Your objective: Beginning with the first line below, please restate each line exactly, down to and including the line containing "Royalty Free Clipart".

Records from a data collection:

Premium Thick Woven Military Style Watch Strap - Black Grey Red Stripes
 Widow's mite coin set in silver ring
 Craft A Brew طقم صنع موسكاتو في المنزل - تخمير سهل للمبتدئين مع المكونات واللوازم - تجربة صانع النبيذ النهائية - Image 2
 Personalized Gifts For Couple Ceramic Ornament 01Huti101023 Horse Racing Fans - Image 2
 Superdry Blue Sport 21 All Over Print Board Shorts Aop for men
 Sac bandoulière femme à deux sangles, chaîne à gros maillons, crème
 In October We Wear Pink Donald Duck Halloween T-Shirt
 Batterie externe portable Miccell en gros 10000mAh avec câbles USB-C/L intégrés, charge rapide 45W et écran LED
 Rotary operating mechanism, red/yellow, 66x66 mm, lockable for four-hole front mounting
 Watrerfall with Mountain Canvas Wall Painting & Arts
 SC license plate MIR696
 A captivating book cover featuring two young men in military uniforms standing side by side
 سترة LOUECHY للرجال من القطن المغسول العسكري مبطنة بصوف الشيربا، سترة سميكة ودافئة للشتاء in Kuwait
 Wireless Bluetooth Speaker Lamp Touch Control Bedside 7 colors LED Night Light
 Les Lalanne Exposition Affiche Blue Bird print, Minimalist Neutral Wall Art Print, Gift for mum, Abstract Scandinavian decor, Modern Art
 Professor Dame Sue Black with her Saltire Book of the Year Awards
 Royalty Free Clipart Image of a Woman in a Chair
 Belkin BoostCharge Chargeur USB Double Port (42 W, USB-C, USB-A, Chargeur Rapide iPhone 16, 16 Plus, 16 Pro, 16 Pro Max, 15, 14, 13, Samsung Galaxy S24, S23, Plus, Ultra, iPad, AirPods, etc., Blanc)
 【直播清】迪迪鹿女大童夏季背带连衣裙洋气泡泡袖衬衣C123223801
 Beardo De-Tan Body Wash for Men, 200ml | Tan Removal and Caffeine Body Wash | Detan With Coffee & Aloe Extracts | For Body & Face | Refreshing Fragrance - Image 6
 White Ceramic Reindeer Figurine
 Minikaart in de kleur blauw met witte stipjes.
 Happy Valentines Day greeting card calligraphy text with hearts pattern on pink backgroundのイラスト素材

Answer section:
Premium Thick Woven Military Style Watch Strap - Black Grey Red Stripes
 Widow's mite coin set in silver ring
 Craft A Brew طقم صنع موسكاتو في المنزل - تخمير سهل للمبتدئين مع المكونات واللوازم - تجربة صانع النبيذ النهائية - Image 2
 Personalized Gifts For Couple Ceramic Ornament 01Huti101023 Horse Racing Fans - Image 2
 Superdry Blue Sport 21 All Over Print Board Shorts Aop for men
 Sac bandoulière femme à deux sangles, chaîne à gros maillons, crème
 In October We Wear Pink Donald Duck Halloween T-Shirt
 Batterie externe portable Miccell en gros 10000mAh avec câbles USB-C/L intégrés, charge rapide 45W et écran LED
 Rotary operating mechanism, red/yellow, 66x66 mm, lockable for four-hole front mounting
 Watrerfall with Mountain Canvas Wall Painting & Arts
 SC license plate MIR696
 A captivating book cover featuring two young men in military uniforms standing side by side
 سترة LOUECHY للرجال من القطن المغسول العسكري مبطنة بصوف الشيربا، سترة سميكة ودافئة للشتاء in Kuwait
 Wireless Bluetooth Speaker Lamp Touch Control Bedside 7 colors LED Night Light
 Les Lalanne Exposition Affiche Blue Bird print, Minimalist Neutral Wall Art Print, Gift for mum, Abstract Scandinavian decor, Modern Art
 Professor Dame Sue Black with her Saltire Book of the Year Awards
 Royalty Free Clipart Image of a Woman in a Chair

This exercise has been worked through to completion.